Joining Hodges at Arts & Letters are a number of fellow Wieden+Kennedy vets, including Rich Weinstein and Letitia Jacobs, most recently executives with The Martin Agency. Rounding out the leadership team is Katie Hoak, who worked with Hodges and Weinstein at Wieden+Kennedy in New York, and Ian Fairbrother and Andy Grayson, who were at Wieden+Kennedy’s Portland office.
The agency’s staff includes 10 Brandcenter grads, with Hodges, Fairbrother and Grayson among them. Hodges, 33, said he selected Richmond due in large part to the school that produced much of his staff.
“We owe a lot to that place,” Hodges said Wednesday. “It has a rich tradition of creating world-class thinkers and problem solvers, and that had a lot to do with our decision to start it in Richmond.”
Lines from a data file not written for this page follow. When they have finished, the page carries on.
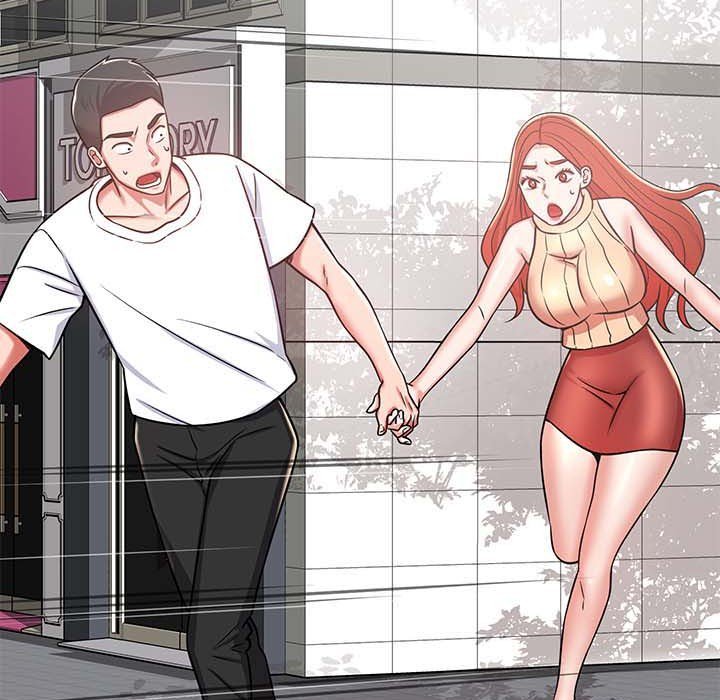 Safe Haven Chapter 22 Page 19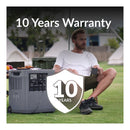 Mango Power Solar Generator Kit Max
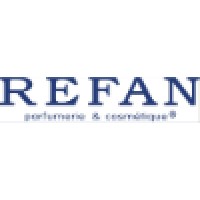 REFAN ESPAÑA logo, REFAN ESPAÑA contact details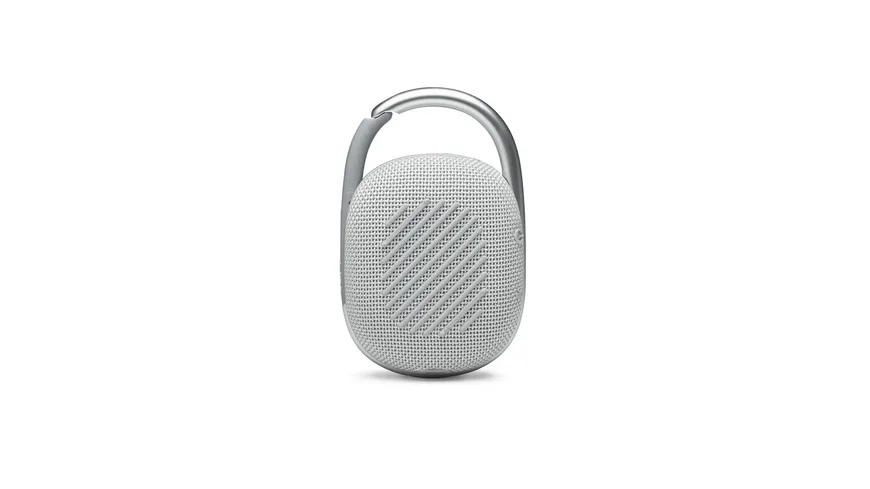 JBL CLIP 4 weiß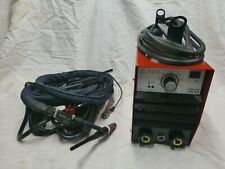 Schweissgerät Jäckle G 141 i  Inverter Top Zustand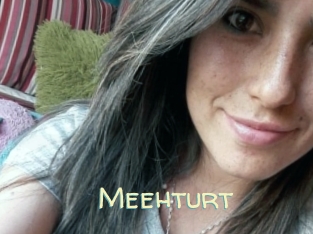 Meehturt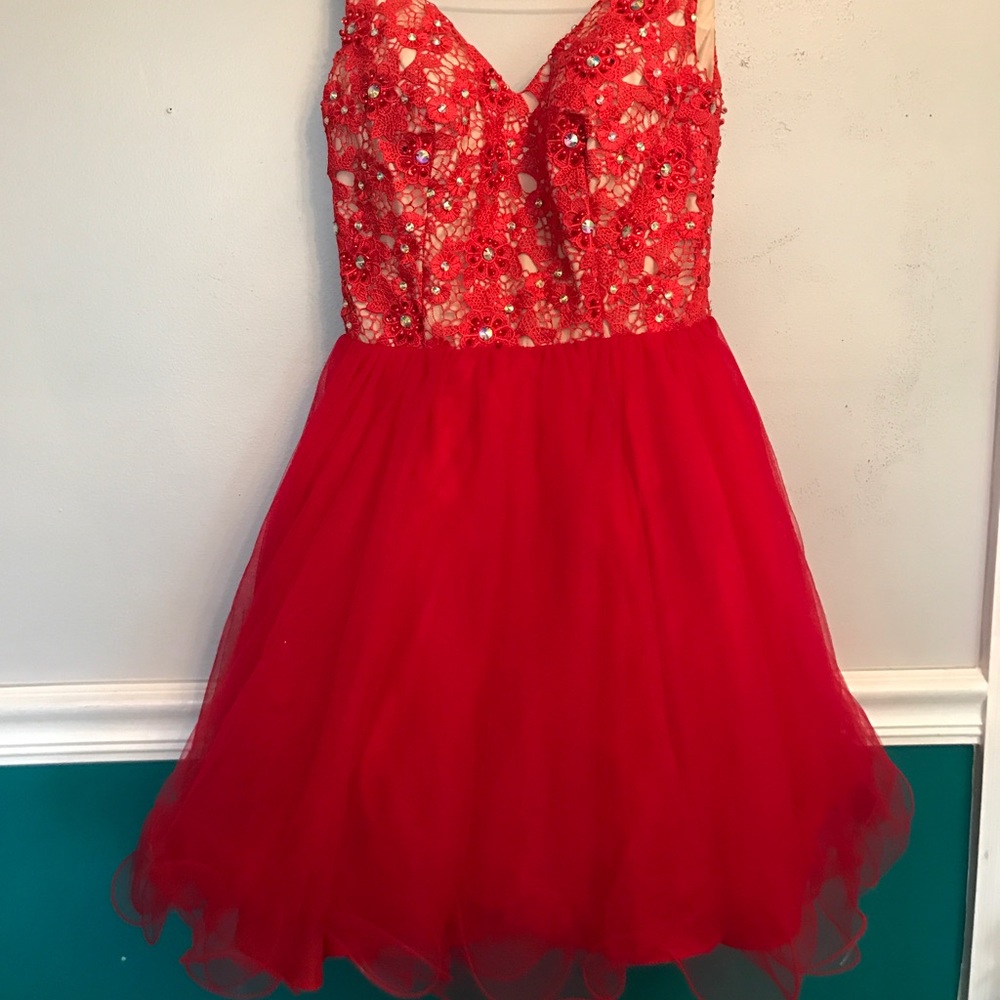 PROM/ FORMAL DRESS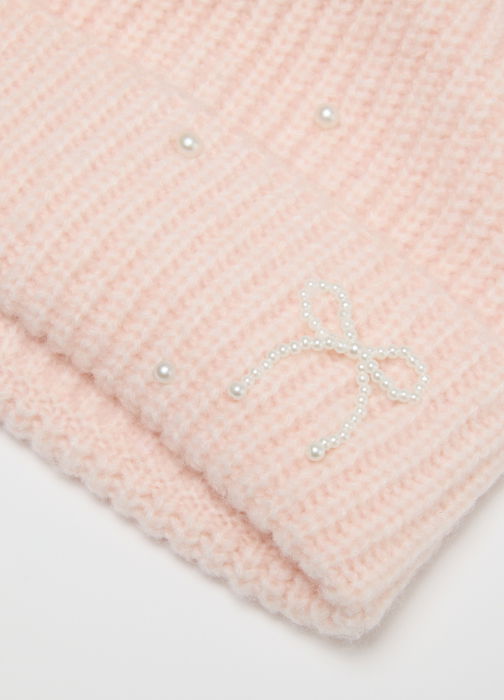 OVS Kids Caciula Roz Fete 3-10 Ani [3]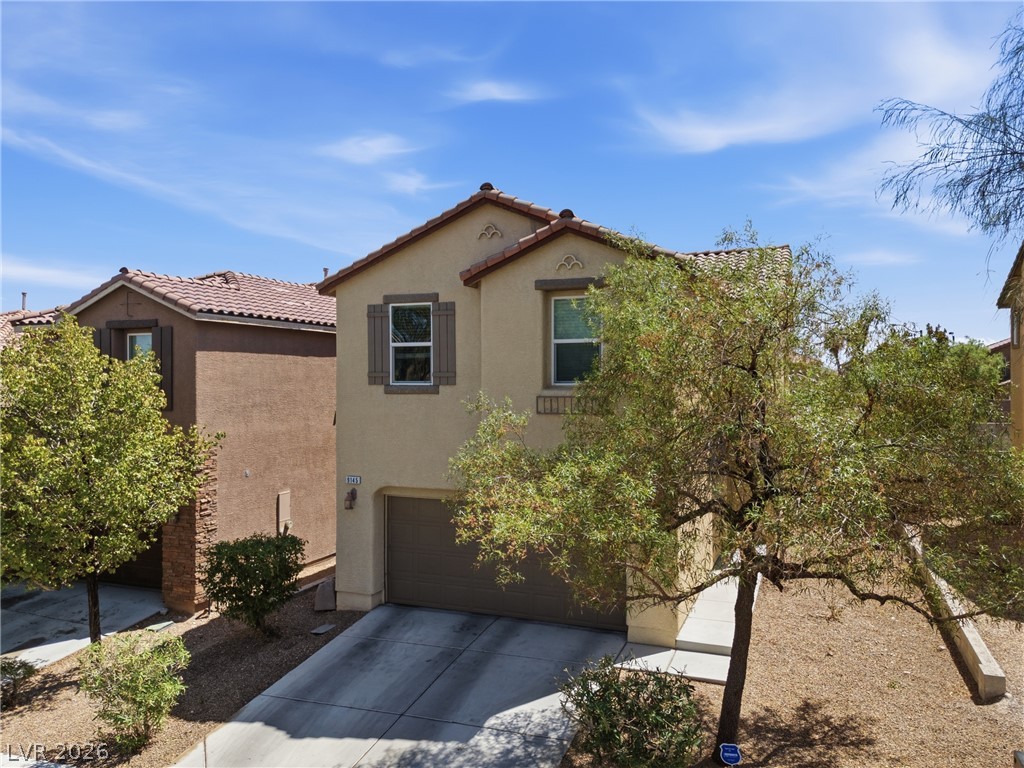 9145 Checkerboard Court Property Photo 11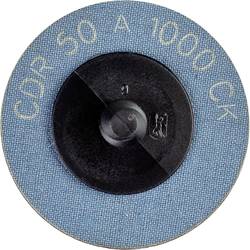 PFERD TOOLS CDR 50 A 1000 CK 42795100 brusný list Zrnitost 1000 (Ø) 50 mm 100 ks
Hodges said Arts & Letters will take an approach to advertising and communications that he likens to prototyping approaches used at tech companies.
Rather than focusing on the message or specific medium to convey it, Arts & Letters will focus on the problem a client faces, with lots of trial and error, he said.
“We’re constantly focused on the problem at hand and trying to fail early, versus trying to be right,” Hodges said. “It’s much more focused on the end-user and the end-audience than on the exact media we’d be trying to fill.
“If it ends up being an advertising campaign, that’s great; if it ends up being something that’s more outside the traditional media landscape, even better,” he said.
Hodges would not specify what services it is providing to Google, currently its sole client. He said the agency – its name a reference to studying the humanities in higher education – will be open to adding clients over time but is committing to Google for now.
“We’re extremely focused on our flagship client at the moment,” he said.
A Charlotte native, Hodges enrolled in the Brandcenter’s copywriting track after attending undergrad at UNC-Chapel Hill. While his career has taken him to New York and L.A., working for clients such as Nike, ESPN and Apple, he said Richmond’s creative community and recent economic resurgence made it an appealing location to start his own shop.
“I believe that Richmond is in the first inning of a professional and cultural renaissance, particularly in the technology and creative industries,” he said. “It’s an amazing place to live and work. It’s not a major market, but it has major-market culture and major-market talent.”
In Scott’s Addition, Arts & Letters joins a wave of agencies and creative office users moving to the fast-developing neighborhood, including Barber Martin Agency, branding firm yogg and ad agency ndp.
Hodges said he used his own capital to get the agency off the ground. He did not disclose a startup cost.
While he said he isn’t aiming for Arts & Letters to grow to any particular size, Hodges said he expects to add more employees over time. He said the scope of its services would likewise evolve.
“I think the general belief is that the big idea is very much alive, but it may not take 500 people to bring it to life anymore. That being said, we’re having a lot of conversations with a lot of people and are expecting more additions very soon.”